To address the twin balance sheet (TBS) problem –overleveraged companies and NPA-encumbered public sector banks – finance ministry’s economists on Tuesday floated an idea to redeploy the central bank’s capital, say about Rs 4 lakh crore, as well as the one-off gains from demonetisation to set up a public sector asset reconstruction company and to recapitalise PSBs.
Taking forward the idea, which was first advocated by the ministry’s economists in FY16 Economic Survey, their Survey for FY17 said: “Perhaps it is time to consider a different approach – a centralised Public Sector Asset Rehabilitation Agency (PARA) that could take charge of the largest, most difficult cases, and make politically tough decisions to reduce debt.”
For some time, India has been trying to solve its TBS using a decentralised approach, under which banks have been put in charge of the restructuring decisions. But decisive resolutions of the loans, concentrated in the large companies, have eluded successive attempts at reform. The problem has consequently continued to fester: NPAs keep growing, while credit and investment keep falling.
The gross NPAs of the PSBs has shot up from Rs 2.77 lakh crore in September 2015 to Rs 5.59 lakh crore at end-June 2016 after RBI’s asset quality review guidelines made provisioning mandatory for certain assets.
Weak debt servicing capacity of many large corporates pushed the stressed assets (gross NPA and restructured loans) of public sector banks rose from Rs 7.46 lakh crore (14.62% of gross advances) as on March 2016 to Rs 7.83 lakh crore (15.74%) as on June 2016.
As a consequence, lending growth to corporates, seen critical to revive private investment, has turned negative in the last two years.

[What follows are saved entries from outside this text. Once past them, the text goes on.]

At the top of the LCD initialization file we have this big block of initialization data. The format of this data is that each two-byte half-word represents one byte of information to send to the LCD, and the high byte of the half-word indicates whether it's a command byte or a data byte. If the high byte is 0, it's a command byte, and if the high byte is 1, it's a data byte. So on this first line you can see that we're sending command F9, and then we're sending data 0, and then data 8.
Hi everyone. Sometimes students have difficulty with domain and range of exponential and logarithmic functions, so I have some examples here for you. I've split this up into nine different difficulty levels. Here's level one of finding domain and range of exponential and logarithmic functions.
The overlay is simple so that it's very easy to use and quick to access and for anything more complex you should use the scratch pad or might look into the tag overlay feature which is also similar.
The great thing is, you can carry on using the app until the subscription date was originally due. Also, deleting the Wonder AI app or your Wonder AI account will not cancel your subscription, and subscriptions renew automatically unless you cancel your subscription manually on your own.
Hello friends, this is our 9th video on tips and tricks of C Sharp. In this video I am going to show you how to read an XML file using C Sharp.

Private asset reconstruction companies (ARCs) haven’t proved any more successful than banks in resolving bad debts. But international experience shows that a professionally-run central agency with government backing – while not without its own difficulties – can overcome the difficulties that have impeded progress, the Survey said, advocating for a PARA.

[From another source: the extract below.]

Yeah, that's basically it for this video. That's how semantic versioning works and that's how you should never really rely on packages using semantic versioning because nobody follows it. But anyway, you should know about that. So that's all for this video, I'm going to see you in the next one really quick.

Acknowledging that capital requirement would be huge to fund a PARA, it suggested that: “The RBI would (in effect) transfer some of the government securities it is currently holding to PSBs and PARA. As a result, the RBI’s capital would decrease, while that of the banks and PARA would increase. There would be no implications for monetary policy, since no new money would be created.”
Citing international precedents such as US Federal Reserve, the Survey noted that if the central bank transfers Rs 4 lakh crore out of its capital (FY16 RBI balance sheet shows Rs 8.8 lakh crore in internal reserves and unrealised gains due to periodic revaluation of gold and foreign currency assets).
Its analysis showed that RBI is one of the heavily capitalised central banks in the world.